= Adam Budnikowski =

Polish economist (born 1948)

Adam Budnikowski (born 18 November 1948 in Więcbork) is a Polish economist. He teaches at the Warsaw School of Economics and served there as a rector from 2005 to 2012. He specialises in international economies, with a focus on globalization, international trade policy and international finance. Further interests include economic transition in Central and Eastern Europe and environmental policy.

==Biography==
Budnikowski is a graduate of Economics at the Poznań University of Economics in 1971. He received a PhD degree 1975 and the Habilitation in 1983. Since 1974 he is employed at the Warsaw School of Economics, since 1992 as professor.

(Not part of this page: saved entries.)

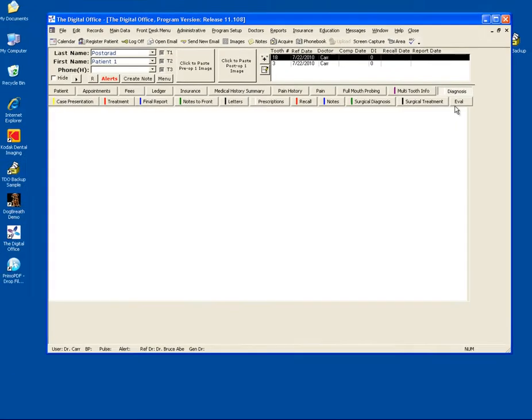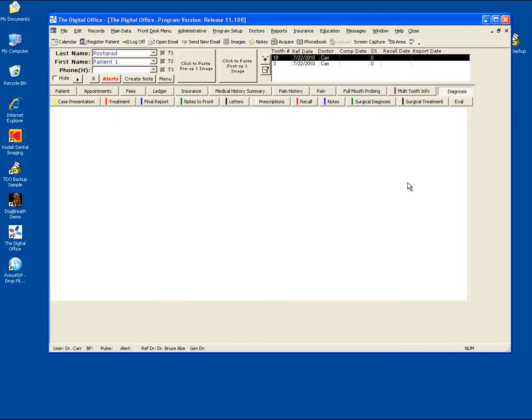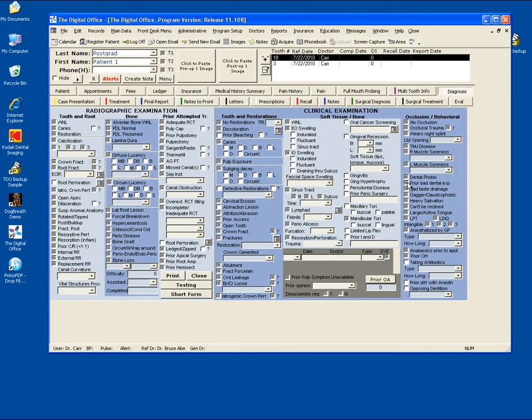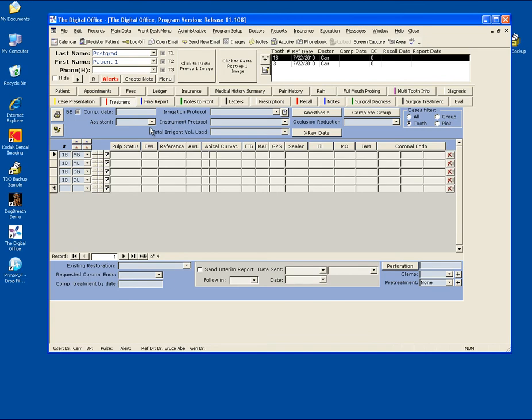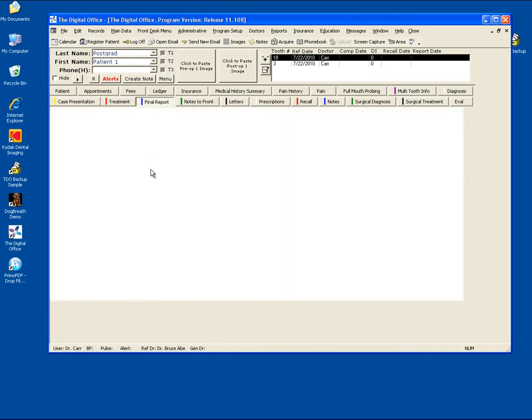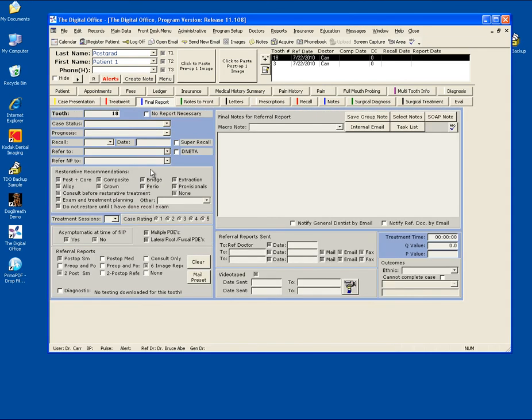Diagnosis tab, this is your standard diagnosis page. If you wish to fill this out, simply click off the items that apply to this tooth. Treatment page, and your final report page.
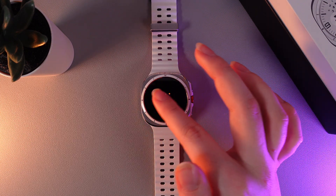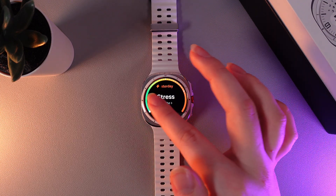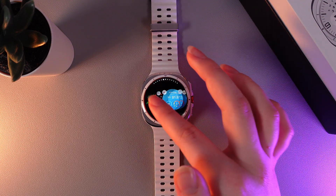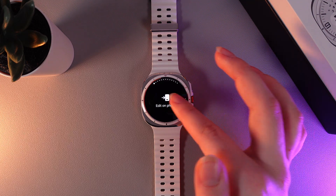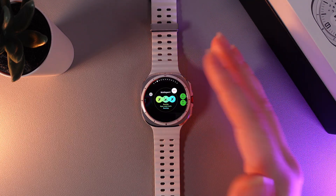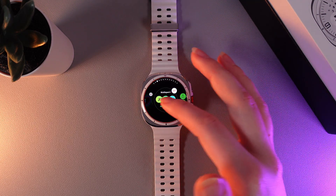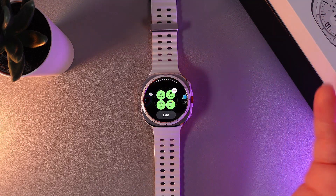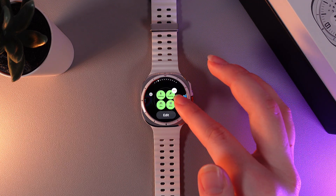As you can see we have a view of all of the widgets that we have on our watch. To remove a widget it's enough to simply click on this red minus and the widget will be deleted.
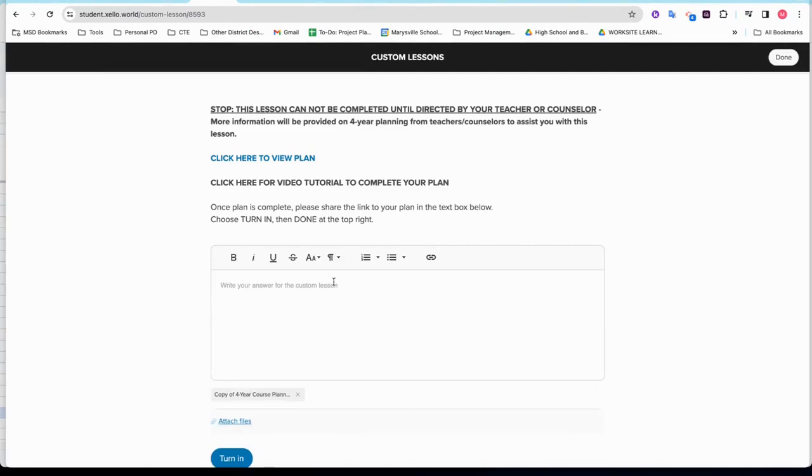Once the item attaches, please simply write Done in the text box and say Turn In.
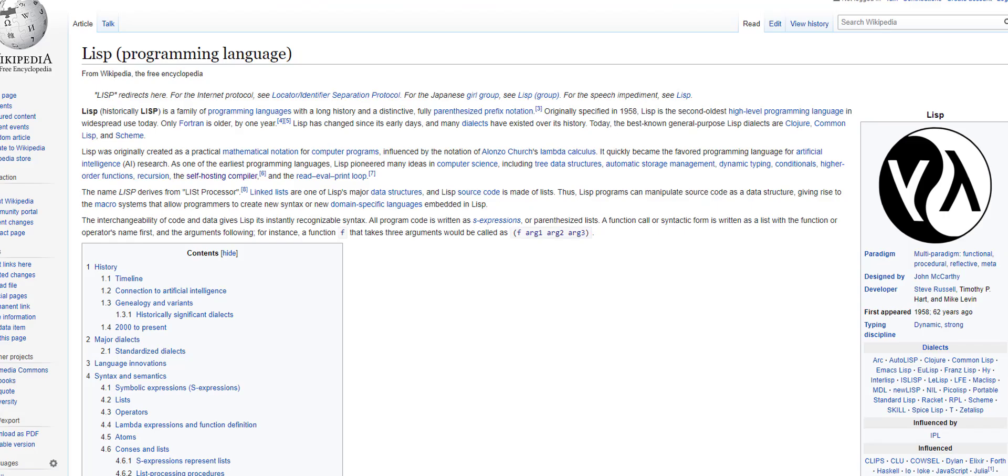So you guys might be asking, are there any languages that are not written in C? And again, it's going to be very, very difficult to find one that doesn't have its original compiler or its original compiler's original compiler that has some sort of C lineage.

He was a Fulbright Program visiting scholar at the Massachusetts Institute of Technology from 1985 to 1987 and acts as visiting professor in Germany, UK, USA (University of Minnesota, Northeastern Illinois University) and Poland.

At Warsaw School of Economics Budnikowski served as Dean of the World Economy Faculty from 1996 to 2002. He is Director of the Institute of International Economics since 1998. Since 1974 the economist is affiliated with the Polish Economic Association. Budnikowski is the co-editor of the journal "Ekonomia i Środowisko" (Economics and Environment).